2x lighter round and it does the job. I have a Marlin X7 and i shoot Barnes 120 grains. I have a boyds laminate stock that makes it a little heavier but still a lighter gun to carry in the woods and climbin up the tree. lol


----------



## MULLET HUNTER (Oct 3, 2007)

12ga heavy metal 3" #4's coming out a kicks high flyer #2's when the wind pics up


----------



## hjorgan (Sep 30, 2007)

308 most of the time


----------



## John B. (Oct 2, 2007)

.308win 168gr hornady BTHP out of a Browning BAR shorttrac with Zeiss glass... usually my weapon of choice.

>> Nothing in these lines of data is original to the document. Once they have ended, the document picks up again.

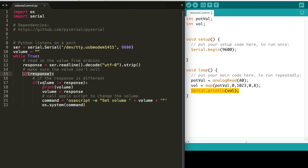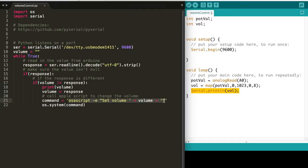If the volume we read from the Arduino is different from the value we've currently set, we want to change the volume so that we don't constantly call the AppleScript command to change the volume. We reset the volume to the new standard and generate an AppleScript command to change the audio level. Then, we just run os.system and command to change the volume.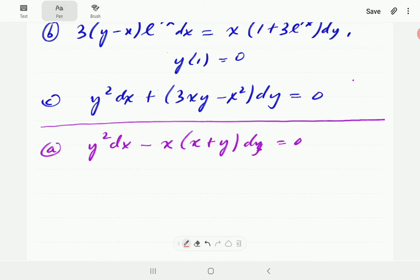The next thing — if we look at this, all the functions, both M and N, are polynomials. The power of y is 2. If you add the powers of x and y in both terms, they're going to be 2. So this is suggesting that M and N are homogeneous of degree 2. That's why we're going to try the homogeneous ODE approach.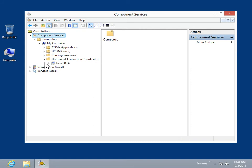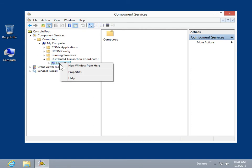Right-click Local DTC. Select Properties.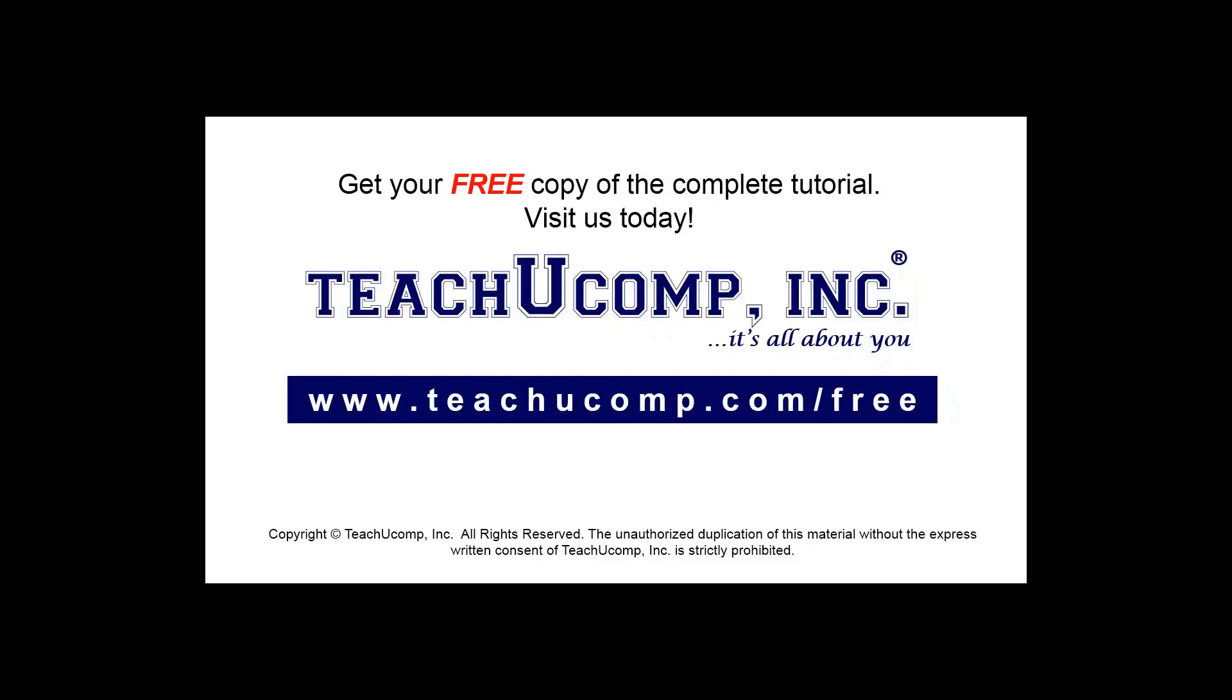Get your free copy of the complete tutorial at www.teachucomp.com forward slash free.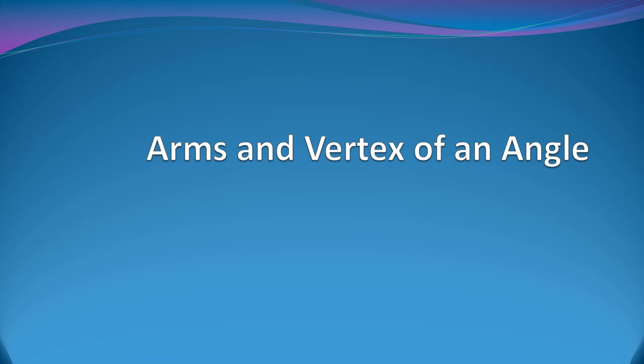Hello there students, we're going to make a very quick video here and look at one of the arms and the vertex of an angle. Here we go.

Sent from my SM-G900V using Tapatalk


----------



## GROUPERKING (Sep 28, 2011)

7 rem mag for all my bean field hunts and clear cut spots. But.. in my opinion the gun itself is probably more important than the caliber. A good clean trigger and a good barrel can make all the difference in the world. I shoot a ruger #1 falling block, and it's a heavy gun, which equals very little recoil . Having a lite recoil puts my brain at ease when pulling the trigger. Now having said all that back to the caliber, the 7 rem mag has the knock down power that I like. I know I shouldn't say this....but have never lost a deer with it. "Probably cursed forever now " Lol. Prior to this gun I shot a 30-06 and a .308. I killed a lot of deer with both,but I lost a few as well. That's what made me step up to a belted magnum. This is my favorite it doesn't have to be yours. Whatever you can shoot comfortably and accurately with good knock down power is what you should go with.


----------



## 192 (Oct 1, 2007)

.308 Hornady SST. 150 grain, case fired and hand loaded by me.


----------



## Seminole1 (Dec 22, 2007)

7mm-08 140 gr. Nosler Accubond out of a Browning X-bolt... at least for now.


----------



## RMS (Dec 9, 2008)

I'm a lot like Grouper King.

As a young man years ago, I studied and read everything I could find for an all around rifle for North Anerican hunting.
Enough, but not too much.
I was living in Texas, and wanted to be able to hunt north, south, east and west.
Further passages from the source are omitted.